BOC asks for fifth state court judge
County also creates Senior Services Department

By Joel Hall


After taking several weeks to decide, the Clayton County Board of Commissioners, in a unanimous decision, voted to implore the Georgia General Assembly to create a fifth state court judgeship to help clear a backlog of cases.

The motion had come up in several previous regular meetings of the board, but in each meeting, a decision was delayed.

Clayton County Commission Chairman Eldrin Bell said the board came to Tuesday's decision after learning the county would be able to financially support an additional judge, as well as additional support staff.

"Not unlike the rest of the nation, Clayton County faces budget challenges resulting from revenue losses and increased cost," he said. "However, as late as yesterday, new revenue information has come to us that gives me an increased level of confidence in our financial department's overall financial security. I strongly believe that the good citizens of Clayton County need and deserve justice and in order to provide a level of protection, we must have additional help in our courts to deal with the 4,000 backlogged cases."

Yolanda Lewis, court administrator for the Clayton County State and Superior courts, said the decision was "a step in the right direction."

"Right now, you have four judges trying to do the work of 9.7 [judges]," she said. "It certainly shows that we are putting citizens first in regards to justice."

The board also voted unanimously Tuesday to support legislation in the Georgia General Assembly to create a Metropolitan Atlanta Aerotropolis Authority. Bell said that an "aerotropolis," a mixed-used commercial and office development planned for the north end of the county, would provide a boost to the local economy, and that the authority would bring it closer to becoming a reality.

"I'm a firm believer that it's the greatest economic development tool that Clayton County has ever had since the development of the airport," he said.

In addition, the board unanimously approved several reorganization recommendations made by former Chief of Staff Alex Cohilas. Last Thursday, a Clayton County Superior Court judge overturned the board's decision in December to create the chief of staff position.

Renee Bright, director of the county's personnel department, read the recommendations to the board in Cohilas' absence, as Cohilas was excused from the meeting due to a death in the family.

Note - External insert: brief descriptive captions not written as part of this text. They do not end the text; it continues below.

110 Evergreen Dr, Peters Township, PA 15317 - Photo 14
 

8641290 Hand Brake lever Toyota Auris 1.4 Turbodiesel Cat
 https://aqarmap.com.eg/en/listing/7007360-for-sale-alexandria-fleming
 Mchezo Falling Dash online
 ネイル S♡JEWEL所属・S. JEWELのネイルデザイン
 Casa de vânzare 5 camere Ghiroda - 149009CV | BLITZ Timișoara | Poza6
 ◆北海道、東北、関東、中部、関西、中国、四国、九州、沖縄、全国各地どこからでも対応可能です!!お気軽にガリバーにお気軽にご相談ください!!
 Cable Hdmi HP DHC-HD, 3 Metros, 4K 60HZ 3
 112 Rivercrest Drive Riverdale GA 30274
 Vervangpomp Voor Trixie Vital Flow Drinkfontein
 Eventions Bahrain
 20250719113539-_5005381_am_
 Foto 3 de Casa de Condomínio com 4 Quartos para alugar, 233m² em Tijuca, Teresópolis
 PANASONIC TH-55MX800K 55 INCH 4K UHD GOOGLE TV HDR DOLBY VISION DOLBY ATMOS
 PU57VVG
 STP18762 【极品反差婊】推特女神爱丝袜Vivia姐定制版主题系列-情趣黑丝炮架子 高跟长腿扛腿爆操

As part of the reorganization, the board put the Refuse Control department under the direction of the Clayton County Prison. Effective immediately, the department will be run by Frank Smith, the prison's warden. The board also separated the county's Senior Services division from the Parks and Recreation department and created an entirely new Senior Services Department.

Bright said the decision would save money and allow the county to better focus on senior citizen issues.

"The discussion took place when [Cohilas] was chief of staff," said Bright. "The duties they [refuse control] perform, they use inmates, so it just made sense. The Parks and Recreation department, their focus is wide. By creating the Senior Services Department, they will focus strictly on seniors."

Clayton County Senior Services Administrator Mary Byrd will become director of the new department, Bright said.